The move to the cloud in 2010 was a brilliant strategic move but was forced upon them by the stark reality of having no user base growth. They had been selling around three mln units of Photoshop each year and had seen almost no growth. After much careful deliberation, they decided to take the plunge and hoped that a move to the cloud would enable more people to experience Adobe for the first time. It worked, today they have about 23mln users. But it is worth bearing in mind that this wasn’t a strategic step that they did ahead of their time or whilst they still had a roaring business. It was a move that they had to make; either kill the golden goose or become Kodak.

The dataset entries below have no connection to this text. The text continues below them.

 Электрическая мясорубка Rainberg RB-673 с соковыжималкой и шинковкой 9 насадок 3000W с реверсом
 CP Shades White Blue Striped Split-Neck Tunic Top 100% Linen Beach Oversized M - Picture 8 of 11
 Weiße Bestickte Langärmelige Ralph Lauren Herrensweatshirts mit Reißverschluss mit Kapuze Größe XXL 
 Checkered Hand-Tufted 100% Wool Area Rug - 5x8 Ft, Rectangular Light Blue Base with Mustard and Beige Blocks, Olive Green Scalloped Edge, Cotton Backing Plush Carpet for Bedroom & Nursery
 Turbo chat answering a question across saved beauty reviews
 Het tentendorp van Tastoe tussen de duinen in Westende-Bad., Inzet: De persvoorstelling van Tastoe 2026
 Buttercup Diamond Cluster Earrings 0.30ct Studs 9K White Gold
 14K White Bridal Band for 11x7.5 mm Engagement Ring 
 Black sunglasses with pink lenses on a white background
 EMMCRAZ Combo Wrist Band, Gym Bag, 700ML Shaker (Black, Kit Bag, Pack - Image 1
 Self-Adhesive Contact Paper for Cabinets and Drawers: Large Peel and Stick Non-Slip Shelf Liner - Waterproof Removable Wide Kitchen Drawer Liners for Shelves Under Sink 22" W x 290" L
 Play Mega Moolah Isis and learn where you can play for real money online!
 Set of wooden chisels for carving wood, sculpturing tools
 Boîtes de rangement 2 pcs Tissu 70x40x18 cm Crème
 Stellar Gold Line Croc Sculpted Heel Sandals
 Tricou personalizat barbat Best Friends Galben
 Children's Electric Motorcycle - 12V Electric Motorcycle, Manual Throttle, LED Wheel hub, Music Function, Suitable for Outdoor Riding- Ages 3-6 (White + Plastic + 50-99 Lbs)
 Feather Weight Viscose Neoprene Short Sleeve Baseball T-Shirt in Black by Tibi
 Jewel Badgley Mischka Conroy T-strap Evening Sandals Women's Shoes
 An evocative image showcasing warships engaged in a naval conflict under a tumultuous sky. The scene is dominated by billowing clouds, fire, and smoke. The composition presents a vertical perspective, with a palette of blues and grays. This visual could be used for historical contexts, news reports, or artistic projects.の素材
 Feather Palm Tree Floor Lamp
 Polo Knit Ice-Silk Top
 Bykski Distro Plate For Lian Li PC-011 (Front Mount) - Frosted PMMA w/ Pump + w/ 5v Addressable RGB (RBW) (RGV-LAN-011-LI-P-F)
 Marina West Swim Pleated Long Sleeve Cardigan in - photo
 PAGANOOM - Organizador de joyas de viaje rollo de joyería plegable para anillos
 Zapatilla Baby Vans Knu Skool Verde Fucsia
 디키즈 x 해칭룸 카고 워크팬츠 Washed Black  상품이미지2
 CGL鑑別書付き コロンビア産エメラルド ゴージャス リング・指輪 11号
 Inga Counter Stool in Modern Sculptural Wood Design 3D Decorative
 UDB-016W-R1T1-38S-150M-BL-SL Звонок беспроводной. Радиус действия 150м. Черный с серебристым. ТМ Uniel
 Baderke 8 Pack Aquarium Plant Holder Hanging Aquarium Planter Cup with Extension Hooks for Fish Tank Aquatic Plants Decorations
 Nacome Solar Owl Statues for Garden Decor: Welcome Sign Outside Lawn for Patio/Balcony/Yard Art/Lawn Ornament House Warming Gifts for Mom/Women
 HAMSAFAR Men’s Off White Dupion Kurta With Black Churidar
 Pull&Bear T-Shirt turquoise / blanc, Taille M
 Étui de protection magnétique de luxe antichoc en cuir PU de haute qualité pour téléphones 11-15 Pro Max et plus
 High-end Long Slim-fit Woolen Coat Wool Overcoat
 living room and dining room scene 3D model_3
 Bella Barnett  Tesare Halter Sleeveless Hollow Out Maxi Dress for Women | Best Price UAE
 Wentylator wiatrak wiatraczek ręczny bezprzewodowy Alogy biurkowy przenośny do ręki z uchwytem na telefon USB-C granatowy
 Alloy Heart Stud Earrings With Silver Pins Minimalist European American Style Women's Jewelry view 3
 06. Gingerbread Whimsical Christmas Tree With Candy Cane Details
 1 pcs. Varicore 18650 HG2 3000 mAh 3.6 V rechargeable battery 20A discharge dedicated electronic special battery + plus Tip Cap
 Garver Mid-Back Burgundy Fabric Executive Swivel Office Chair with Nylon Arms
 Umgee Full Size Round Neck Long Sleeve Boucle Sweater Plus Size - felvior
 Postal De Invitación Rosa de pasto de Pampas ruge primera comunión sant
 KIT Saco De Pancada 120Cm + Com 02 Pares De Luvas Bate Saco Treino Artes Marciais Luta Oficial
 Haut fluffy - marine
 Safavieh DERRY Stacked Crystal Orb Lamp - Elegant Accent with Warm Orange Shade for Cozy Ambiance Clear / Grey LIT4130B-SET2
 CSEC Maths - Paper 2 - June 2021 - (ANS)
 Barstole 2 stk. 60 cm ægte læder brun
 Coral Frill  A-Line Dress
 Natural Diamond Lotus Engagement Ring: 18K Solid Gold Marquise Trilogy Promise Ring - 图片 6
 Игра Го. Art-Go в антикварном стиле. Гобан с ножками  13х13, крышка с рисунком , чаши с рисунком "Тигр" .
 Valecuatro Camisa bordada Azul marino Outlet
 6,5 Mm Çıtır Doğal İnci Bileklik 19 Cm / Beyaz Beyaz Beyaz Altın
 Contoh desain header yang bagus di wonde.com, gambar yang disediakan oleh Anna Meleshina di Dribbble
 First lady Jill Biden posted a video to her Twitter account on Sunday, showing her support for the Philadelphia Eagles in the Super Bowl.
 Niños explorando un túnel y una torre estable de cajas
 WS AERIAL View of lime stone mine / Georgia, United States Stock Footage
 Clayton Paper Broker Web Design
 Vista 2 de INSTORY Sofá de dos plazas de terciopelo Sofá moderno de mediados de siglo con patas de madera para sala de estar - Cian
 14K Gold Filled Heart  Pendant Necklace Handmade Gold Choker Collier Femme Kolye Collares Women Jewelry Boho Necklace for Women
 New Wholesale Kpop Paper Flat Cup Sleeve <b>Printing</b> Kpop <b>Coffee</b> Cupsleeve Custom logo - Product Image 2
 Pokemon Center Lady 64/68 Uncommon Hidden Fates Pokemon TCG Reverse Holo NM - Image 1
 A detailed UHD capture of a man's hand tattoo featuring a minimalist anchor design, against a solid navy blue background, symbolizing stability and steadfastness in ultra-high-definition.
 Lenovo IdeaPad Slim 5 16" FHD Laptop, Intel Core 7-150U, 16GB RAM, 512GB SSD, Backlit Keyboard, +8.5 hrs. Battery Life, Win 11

Today, the company, in some ways, is facing a redux of 2010, slowing user base growth (although not ex-growth by any means), a transition to browser-based, collaborative software that seems to be eating the market underneath them (Canva) and around them (Figma). Adobe has tried and failed to launch products like XD, Indesign, Workfront and Frame.io to address this collaborative customer base with very little success. The product is too heavy and legacy. Put simply, Adobe may have been reborn in the cloud, but Figma is a native.
The problem that Figma has solved is allowing collaboration between coders and designers. In the past, designers were forced to use a combination of tools (a desktop app called Sketch plus a host of plug-ins) to allow what was essentially a picture with functionality to become an app/website. Actual files were being sent between parties, so version control was, well, out of control. In order to explain to the coders how apps were supposed to operate, you needed yet another plugin with arrows and text all over the place. All this resulted in lots of frustration, lost hours and miscommunication. to add to the complexity, the number of people that are now contributing to the design process has exploded. It now includes product managers, designers, UI UX, markets, data teams, backend and front-end engineers etc. The more people that need to contribute to the design process, the harder it is to handle. Along came Figma and put the whole process into a browser-based, real-time collaboration software that simply worked. Just how Adobe's move to the cloud allowed more people to contribute to the creative process, and Figma allowed more people to add to the design process.
Why do investors hate the deal?
Admission of failure - This is seen as an admission of failure by Adobe. They have tried to break into the collaboration market and realised they were losing.
Growth - Adobe's core product growth is slowing. Growth in creative cloud just dropped to 10% in this week’s results , and this purchase is an admission they are starting to run out of growth.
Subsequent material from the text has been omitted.